> Instructions for the task
Please repeat, from the entries that follow, the lines from the one containing "Waes & Upset - D�rrrdey (Live)" through the one containing "2023 KIA FORTE LX 3KPF24AD0PE566206" exactly, adding nothing.

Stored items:
● ● ● ● ●

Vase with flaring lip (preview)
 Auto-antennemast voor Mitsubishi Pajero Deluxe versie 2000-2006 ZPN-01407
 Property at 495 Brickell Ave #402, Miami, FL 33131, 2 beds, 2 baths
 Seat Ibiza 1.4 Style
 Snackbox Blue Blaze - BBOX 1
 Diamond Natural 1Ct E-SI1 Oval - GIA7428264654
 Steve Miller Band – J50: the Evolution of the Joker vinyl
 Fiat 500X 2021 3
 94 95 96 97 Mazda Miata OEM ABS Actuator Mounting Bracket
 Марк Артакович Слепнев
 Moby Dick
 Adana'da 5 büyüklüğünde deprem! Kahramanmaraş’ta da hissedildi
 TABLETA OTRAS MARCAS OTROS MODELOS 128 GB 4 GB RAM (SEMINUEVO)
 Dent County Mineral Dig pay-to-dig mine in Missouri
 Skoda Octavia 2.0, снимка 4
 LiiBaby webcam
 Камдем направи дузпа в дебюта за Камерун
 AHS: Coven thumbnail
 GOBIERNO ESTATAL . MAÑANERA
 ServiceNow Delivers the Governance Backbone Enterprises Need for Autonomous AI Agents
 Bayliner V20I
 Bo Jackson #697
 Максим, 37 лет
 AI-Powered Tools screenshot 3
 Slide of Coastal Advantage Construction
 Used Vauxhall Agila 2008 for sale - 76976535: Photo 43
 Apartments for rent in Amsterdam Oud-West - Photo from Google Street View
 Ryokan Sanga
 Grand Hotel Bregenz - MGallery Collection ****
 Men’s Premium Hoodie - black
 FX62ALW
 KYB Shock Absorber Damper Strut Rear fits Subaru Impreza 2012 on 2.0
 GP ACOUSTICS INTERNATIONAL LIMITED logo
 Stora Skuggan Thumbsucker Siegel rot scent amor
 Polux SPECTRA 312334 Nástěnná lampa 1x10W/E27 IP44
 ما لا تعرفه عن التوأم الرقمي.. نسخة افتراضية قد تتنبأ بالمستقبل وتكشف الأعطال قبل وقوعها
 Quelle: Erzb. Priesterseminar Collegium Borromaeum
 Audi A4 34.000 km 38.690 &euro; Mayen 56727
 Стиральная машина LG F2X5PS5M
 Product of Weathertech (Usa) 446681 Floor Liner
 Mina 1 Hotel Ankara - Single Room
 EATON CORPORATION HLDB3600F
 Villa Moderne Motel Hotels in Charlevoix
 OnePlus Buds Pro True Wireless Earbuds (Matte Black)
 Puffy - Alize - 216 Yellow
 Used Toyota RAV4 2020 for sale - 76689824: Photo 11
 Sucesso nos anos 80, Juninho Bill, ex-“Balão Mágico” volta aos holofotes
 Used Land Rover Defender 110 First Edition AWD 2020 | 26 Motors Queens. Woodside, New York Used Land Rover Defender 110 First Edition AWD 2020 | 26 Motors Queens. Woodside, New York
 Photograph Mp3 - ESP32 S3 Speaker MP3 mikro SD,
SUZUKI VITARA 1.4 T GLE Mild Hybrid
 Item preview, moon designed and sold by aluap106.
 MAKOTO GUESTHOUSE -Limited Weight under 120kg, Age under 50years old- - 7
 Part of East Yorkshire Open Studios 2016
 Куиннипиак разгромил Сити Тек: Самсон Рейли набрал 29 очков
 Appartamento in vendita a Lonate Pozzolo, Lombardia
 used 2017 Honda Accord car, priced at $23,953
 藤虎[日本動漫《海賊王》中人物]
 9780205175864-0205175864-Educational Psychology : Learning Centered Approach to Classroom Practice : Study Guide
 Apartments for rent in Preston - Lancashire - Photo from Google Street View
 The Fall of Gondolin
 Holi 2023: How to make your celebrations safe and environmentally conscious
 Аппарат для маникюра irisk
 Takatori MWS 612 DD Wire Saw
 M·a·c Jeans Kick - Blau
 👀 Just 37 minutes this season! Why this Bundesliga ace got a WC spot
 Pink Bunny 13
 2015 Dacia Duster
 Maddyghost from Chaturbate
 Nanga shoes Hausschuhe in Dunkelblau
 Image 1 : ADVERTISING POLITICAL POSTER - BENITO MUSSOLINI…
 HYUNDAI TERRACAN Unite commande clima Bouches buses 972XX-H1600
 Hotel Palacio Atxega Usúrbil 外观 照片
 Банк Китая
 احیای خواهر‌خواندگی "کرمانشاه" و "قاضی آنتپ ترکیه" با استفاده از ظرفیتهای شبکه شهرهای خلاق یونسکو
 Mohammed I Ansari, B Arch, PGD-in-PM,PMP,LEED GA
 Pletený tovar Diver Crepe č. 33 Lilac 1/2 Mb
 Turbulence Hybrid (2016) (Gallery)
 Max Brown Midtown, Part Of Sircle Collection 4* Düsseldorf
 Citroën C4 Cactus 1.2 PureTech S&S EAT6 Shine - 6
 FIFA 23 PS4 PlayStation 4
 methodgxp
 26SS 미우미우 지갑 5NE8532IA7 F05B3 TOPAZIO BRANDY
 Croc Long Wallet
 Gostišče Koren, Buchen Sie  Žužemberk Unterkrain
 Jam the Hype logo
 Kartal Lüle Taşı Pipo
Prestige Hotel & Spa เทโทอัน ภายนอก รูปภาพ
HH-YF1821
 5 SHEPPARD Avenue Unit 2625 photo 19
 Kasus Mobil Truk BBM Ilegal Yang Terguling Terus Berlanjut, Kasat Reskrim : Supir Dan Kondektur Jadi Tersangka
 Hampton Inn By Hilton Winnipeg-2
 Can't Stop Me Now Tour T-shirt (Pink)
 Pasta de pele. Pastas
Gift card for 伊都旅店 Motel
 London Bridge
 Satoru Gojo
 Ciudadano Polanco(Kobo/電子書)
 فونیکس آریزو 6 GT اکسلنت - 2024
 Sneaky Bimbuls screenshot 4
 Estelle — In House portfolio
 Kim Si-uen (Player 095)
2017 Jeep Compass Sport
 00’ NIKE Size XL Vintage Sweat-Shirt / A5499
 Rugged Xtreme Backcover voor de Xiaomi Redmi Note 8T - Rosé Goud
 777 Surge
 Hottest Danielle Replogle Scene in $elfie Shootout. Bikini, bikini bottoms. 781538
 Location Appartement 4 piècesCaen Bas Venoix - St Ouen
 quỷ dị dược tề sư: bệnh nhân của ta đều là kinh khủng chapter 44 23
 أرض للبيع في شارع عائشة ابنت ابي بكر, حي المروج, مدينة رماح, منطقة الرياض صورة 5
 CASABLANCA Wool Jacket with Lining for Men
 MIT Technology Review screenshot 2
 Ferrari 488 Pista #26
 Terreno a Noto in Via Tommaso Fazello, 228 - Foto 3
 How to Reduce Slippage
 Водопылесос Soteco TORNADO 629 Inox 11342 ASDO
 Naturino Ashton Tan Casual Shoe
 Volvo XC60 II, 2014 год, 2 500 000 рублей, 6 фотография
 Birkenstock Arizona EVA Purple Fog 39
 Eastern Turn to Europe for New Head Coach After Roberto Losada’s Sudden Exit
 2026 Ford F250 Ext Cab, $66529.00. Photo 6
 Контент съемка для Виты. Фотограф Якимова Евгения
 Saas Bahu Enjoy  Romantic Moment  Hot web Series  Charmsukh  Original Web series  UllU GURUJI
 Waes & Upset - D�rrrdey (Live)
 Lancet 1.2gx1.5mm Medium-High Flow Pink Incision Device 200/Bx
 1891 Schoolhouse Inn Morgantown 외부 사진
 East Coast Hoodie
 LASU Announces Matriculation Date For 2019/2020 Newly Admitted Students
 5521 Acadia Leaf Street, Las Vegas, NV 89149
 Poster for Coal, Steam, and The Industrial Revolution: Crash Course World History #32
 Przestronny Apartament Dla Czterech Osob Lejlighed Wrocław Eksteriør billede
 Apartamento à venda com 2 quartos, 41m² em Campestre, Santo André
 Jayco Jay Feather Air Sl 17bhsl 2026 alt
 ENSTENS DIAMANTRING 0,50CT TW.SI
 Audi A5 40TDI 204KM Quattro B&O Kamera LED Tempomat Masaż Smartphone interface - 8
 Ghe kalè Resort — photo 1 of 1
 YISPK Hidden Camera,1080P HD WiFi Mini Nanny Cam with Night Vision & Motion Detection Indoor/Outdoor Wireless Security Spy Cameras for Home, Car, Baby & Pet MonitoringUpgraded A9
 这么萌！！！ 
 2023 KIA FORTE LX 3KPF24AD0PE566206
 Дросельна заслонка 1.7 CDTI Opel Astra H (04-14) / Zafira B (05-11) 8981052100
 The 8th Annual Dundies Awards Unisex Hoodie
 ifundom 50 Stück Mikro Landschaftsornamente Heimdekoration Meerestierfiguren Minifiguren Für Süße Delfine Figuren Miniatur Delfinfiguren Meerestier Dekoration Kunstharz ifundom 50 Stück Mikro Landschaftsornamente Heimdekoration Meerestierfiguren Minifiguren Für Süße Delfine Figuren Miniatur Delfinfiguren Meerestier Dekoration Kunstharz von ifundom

● ● ● ● ●

> Response box
 Waes & Upset - D�rrrdey (Live)
 Lancet 1.2gx1.5mm Medium-High Flow Pink Incision Device 200/Bx
 1891 Schoolhouse Inn Morgantown 외부 사진
 East Coast Hoodie
 LASU Announces Matriculation Date For 2019/2020 Newly Admitted Students
 5521 Acadia Leaf Street, Las Vegas, NV 89149
 Poster for Coal, Steam, and The Industrial Revolution: Crash Course World History #32
 Przestronny Apartament Dla Czterech Osob Lejlighed Wrocław Eksteriør billede
 Apartamento à venda com 2 quartos, 41m² em Campestre, Santo André
 Jayco Jay Feather Air Sl 17bhsl 2026 alt
 ENSTENS DIAMANTRING 0,50CT TW.SI
 Audi A5 40TDI 204KM Quattro B&O Kamera LED Tempomat Masaż Smartphone interface - 8
 Ghe kalè Resort — photo 1 of 1
 YISPK Hidden Camera,1080P HD WiFi Mini Nanny Cam with Night Vision & Motion Detection Indoor/Outdoor Wireless Security Spy Cameras for Home, Car, Baby & Pet MonitoringUpgraded A9
 这么萌！！！ 
 2023 KIA FORTE LX 3KPF24AD0PE566206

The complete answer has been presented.